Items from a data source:
'''

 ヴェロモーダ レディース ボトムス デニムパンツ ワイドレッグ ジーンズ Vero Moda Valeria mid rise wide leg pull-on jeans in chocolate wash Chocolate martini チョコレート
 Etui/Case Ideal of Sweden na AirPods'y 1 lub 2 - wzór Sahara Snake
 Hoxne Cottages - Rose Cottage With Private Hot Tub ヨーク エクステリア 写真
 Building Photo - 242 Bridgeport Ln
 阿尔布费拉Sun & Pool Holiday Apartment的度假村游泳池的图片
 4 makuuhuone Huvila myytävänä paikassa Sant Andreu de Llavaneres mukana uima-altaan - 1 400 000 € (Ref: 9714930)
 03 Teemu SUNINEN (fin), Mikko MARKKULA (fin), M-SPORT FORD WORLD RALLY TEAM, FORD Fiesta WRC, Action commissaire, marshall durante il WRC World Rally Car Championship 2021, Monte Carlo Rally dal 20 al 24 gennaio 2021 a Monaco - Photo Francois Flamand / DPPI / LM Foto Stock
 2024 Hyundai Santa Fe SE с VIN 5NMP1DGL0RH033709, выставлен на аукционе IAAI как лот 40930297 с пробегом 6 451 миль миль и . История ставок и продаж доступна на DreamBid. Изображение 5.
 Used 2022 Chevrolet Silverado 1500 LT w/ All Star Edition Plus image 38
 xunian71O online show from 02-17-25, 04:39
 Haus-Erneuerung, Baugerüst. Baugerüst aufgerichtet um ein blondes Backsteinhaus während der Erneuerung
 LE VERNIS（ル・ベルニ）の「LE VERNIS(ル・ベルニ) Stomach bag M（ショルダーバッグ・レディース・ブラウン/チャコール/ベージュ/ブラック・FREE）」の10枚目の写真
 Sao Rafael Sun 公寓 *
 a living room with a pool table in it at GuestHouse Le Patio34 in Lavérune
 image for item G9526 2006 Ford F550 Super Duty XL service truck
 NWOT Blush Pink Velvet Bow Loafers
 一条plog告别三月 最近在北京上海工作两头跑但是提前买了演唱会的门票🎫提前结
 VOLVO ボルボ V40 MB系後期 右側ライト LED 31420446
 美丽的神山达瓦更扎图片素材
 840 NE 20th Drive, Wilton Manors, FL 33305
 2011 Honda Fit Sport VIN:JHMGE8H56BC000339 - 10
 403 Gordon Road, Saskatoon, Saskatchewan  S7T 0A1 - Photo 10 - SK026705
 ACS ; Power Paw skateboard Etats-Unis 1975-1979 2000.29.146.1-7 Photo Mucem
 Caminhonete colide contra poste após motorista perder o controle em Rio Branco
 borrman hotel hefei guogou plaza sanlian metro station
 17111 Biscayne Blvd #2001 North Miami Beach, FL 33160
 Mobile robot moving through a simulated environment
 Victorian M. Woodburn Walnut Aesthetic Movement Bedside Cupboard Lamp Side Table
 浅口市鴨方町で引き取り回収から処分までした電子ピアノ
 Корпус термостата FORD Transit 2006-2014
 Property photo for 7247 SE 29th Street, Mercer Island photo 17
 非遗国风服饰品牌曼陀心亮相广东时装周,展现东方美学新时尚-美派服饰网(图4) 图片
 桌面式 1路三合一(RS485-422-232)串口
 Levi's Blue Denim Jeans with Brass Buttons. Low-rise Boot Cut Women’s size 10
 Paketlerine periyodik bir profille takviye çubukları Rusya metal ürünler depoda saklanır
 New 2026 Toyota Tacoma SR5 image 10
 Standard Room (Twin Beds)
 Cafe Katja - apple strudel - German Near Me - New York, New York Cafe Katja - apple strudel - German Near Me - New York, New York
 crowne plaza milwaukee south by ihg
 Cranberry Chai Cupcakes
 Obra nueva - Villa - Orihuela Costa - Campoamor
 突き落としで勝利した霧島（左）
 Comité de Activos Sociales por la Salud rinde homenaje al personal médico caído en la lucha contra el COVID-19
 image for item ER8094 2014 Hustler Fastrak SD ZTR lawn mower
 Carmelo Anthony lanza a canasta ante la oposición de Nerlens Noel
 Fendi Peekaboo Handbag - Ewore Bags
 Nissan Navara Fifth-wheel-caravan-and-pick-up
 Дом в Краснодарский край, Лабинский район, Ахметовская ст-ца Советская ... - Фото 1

'''

- **What the exercise asks**
Among the records above, find each line holding the string "image" and pull it out.

- **Finished task**
 Used 2022 Chevrolet Silverado 1500 LT w/ All Star Edition Plus image 38
 image for item G9526 2006 Ford F550 Super Duty XL service truck
 New 2026 Toyota Tacoma SR5 image 10
 image for item ER8094 2014 Hustler Fastrak SD ZTR lawn mower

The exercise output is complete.